* [Problem details]: Copy the data. Keep every character as given.
BEGIN Material shown
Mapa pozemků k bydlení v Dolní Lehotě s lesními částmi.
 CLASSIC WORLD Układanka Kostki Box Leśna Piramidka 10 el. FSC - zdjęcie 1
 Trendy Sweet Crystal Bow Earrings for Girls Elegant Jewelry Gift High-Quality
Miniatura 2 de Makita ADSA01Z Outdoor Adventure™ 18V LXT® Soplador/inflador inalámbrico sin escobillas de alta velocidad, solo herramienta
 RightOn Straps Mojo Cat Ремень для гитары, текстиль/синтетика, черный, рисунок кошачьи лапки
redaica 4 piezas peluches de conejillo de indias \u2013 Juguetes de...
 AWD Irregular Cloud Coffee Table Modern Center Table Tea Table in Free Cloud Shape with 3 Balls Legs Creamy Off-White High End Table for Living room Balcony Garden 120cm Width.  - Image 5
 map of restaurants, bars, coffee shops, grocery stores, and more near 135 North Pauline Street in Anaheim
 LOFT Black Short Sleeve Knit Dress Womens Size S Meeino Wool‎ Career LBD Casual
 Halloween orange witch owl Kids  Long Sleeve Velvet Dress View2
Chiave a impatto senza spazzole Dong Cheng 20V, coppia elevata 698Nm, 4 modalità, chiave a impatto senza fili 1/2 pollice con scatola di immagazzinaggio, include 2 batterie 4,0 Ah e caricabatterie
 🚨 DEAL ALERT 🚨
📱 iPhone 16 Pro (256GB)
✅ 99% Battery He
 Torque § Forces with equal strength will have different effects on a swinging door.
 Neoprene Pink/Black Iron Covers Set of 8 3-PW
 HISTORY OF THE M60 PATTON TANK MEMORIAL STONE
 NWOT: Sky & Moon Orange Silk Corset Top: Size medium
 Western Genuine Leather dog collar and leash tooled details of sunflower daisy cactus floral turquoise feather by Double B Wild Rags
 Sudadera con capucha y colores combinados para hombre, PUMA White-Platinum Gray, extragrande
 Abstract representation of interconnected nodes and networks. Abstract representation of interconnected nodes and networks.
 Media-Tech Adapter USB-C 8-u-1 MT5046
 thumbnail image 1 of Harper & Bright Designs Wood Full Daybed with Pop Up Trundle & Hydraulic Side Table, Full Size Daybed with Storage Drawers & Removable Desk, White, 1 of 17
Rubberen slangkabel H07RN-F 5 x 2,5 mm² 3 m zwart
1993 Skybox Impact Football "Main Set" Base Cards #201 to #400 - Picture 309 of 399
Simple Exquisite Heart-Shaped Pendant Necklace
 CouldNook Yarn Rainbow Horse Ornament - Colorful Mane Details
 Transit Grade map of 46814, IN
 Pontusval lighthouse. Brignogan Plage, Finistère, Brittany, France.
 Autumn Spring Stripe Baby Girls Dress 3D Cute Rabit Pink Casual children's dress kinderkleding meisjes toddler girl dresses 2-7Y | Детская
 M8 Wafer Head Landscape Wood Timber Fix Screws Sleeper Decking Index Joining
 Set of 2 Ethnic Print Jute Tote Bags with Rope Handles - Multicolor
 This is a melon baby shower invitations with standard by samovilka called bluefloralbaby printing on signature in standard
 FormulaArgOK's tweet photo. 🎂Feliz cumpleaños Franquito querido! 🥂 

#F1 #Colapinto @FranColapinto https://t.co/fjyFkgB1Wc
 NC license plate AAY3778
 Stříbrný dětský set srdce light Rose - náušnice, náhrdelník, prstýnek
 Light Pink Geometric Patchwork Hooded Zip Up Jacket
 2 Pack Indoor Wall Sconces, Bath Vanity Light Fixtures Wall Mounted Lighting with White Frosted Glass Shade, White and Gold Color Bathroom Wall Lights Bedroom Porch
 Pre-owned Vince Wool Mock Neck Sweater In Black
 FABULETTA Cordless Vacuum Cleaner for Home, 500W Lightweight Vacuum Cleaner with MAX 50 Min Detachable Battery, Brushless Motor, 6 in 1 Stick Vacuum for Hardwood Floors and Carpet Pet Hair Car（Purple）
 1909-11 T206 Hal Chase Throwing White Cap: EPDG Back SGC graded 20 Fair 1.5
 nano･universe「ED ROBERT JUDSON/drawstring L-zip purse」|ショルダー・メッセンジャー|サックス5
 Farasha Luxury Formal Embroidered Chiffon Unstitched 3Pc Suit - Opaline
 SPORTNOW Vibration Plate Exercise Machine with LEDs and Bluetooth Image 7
END Material shown
* [Solution below]:
Mapa pozemků k bydlení v Dolní Lehotě s lesními částmi.
 CLASSIC WORLD Układanka Kostki Box Leśna Piramidka 10 el. FSC - zdjęcie 1
 Trendy Sweet Crystal Bow Earrings for Girls Elegant Jewelry Gift High-Quality
Miniatura 2 de Makita ADSA01Z Outdoor Adventure™ 18V LXT® Soplador/inflador inalámbrico sin escobillas de alta velocidad, solo herramienta
 RightOn Straps Mojo Cat Ремень для гитары, текстиль/синтетика, черный, рисунок кошачьи лапки
redaica 4 piezas peluches de conejillo de indias \u2013 Juguetes de...
 AWD Irregular Cloud Coffee Table Modern Center Table Tea Table in Free Cloud Shape with 3 Balls Legs Creamy Off-White High End Table for Living room Balcony Garden 120cm Width.  - Image 5
 map of restaurants, bars, coffee shops, grocery stores, and more near 135 North Pauline Street in Anaheim
 LOFT Black Short Sleeve Knit Dress Womens Size S Meeino Wool‎ Career LBD Casual
 Halloween orange witch owl Kids  Long Sleeve Velvet Dress View2
Chiave a impatto senza spazzole Dong Cheng 20V, coppia elevata 698Nm, 4 modalità, chiave a impatto senza fili 1/2 pollice con scatola di immagazzinaggio, include 2 batterie 4,0 Ah e caricabatterie
 🚨 DEAL ALERT 🚨
📱 iPhone 16 Pro (256GB)
✅ 99% Battery He
 Torque § Forces with equal strength will have different effects on a swinging door.
 Neoprene Pink/Black Iron Covers Set of 8 3-PW
 HISTORY OF THE M60 PATTON TANK MEMORIAL STONE
 NWOT: Sky & Moon Orange Silk Corset Top: Size medium
 Western Genuine Leather dog collar and leash tooled details of sunflower daisy cactus floral turquoise feather by Double B Wild Rags
 Sudadera con capucha y colores combinados para hombre, PUMA White-Platinum Gray, extragrande
 Abstract representation of interconnected nodes and networks. Abstract representation of interconnected nodes and networks.
 Media-Tech Adapter USB-C 8-u-1 MT5046
 thumbnail image 1 of Harper & Bright Designs Wood Full Daybed with Pop Up Trundle & Hydraulic Side Table, Full Size Daybed with Storage Drawers & Removable Desk, White, 1 of 17
Rubberen slangkabel H07RN-F 5 x 2,5 mm² 3 m zwart
1993 Skybox Impact Football "Main Set" Base Cards #201 to #400 - Picture 309 of 399
Simple Exquisite Heart-Shaped Pendant Necklace
 CouldNook Yarn Rainbow Horse Ornament - Colorful Mane Details
 Transit Grade map of 46814, IN
 Pontusval lighthouse. Brignogan Plage, Finistère, Brittany, France.
 Autumn Spring Stripe Baby Girls Dress 3D Cute Rabit Pink Casual children's dress kinderkleding meisjes toddler girl dresses 2-7Y | Детская
 M8 Wafer Head Landscape Wood Timber Fix Screws Sleeper Decking Index Joining
 Set of 2 Ethnic Print Jute Tote Bags with Rope Handles - Multicolor
 This is a melon baby shower invitations with standard by samovilka called bluefloralbaby printing on signature in standard
 FormulaArgOK's tweet photo. 🎂Feliz cumpleaños Franquito querido! 🥂 

#F1 #Colapinto @FranColapinto https://t.co/fjyFkgB1Wc
 NC license plate AAY3778
 Stříbrný dětský set srdce light Rose - náušnice, náhrdelník, prstýnek
 Light Pink Geometric Patchwork Hooded Zip Up Jacket
 2 Pack Indoor Wall Sconces, Bath Vanity Light Fixtures Wall Mounted Lighting with White Frosted Glass Shade, White and Gold Color Bathroom Wall Lights Bedroom Porch
 Pre-owned Vince Wool Mock Neck Sweater In Black
 FABULETTA Cordless Vacuum Cleaner for Home, 500W Lightweight Vacuum Cleaner with MAX 50 Min Detachable Battery, Brushless Motor, 6 in 1 Stick Vacuum for Hardwood Floors and Carpet Pet Hair Car（Purple）
 1909-11 T206 Hal Chase Throwing White Cap: EPDG Back SGC graded 20 Fair 1.5
 nano･universe「ED ROBERT JUDSON/drawstring L-zip purse」|ショルダー・メッセンジャー|サックス5
 Farasha Luxury Formal Embroidered Chiffon Unstitched 3Pc Suit - Opaline
 SPORTNOW Vibration Plate Exercise Machine with LEDs and Bluetooth Image 7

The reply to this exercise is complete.